(Stored items from a collection)
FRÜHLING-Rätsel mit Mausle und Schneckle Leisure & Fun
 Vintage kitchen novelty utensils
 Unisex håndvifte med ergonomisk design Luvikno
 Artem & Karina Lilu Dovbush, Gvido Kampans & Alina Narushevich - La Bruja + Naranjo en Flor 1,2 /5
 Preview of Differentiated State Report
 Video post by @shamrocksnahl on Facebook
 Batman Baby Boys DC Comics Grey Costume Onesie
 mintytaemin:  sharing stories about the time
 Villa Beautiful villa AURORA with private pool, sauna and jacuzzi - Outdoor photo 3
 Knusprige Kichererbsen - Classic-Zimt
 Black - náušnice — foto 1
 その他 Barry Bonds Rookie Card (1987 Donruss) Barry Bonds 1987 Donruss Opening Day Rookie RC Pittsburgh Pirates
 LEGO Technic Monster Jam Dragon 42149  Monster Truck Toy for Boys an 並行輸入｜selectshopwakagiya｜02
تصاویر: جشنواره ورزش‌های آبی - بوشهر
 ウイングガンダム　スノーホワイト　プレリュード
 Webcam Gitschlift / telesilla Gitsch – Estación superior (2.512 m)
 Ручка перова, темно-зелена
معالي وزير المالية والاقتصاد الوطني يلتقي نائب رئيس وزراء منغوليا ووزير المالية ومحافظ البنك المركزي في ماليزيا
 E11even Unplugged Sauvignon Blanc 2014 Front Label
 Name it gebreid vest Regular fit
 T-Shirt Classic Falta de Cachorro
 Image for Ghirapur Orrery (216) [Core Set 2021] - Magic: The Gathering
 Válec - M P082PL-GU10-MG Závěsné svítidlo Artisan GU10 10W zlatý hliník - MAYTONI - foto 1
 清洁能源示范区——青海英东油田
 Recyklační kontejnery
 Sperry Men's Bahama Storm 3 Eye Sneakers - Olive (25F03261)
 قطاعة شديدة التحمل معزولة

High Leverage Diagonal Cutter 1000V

Prompt: In the data, how many lines hold the word "foto"? State that number alone.

Answer to the exercise: 2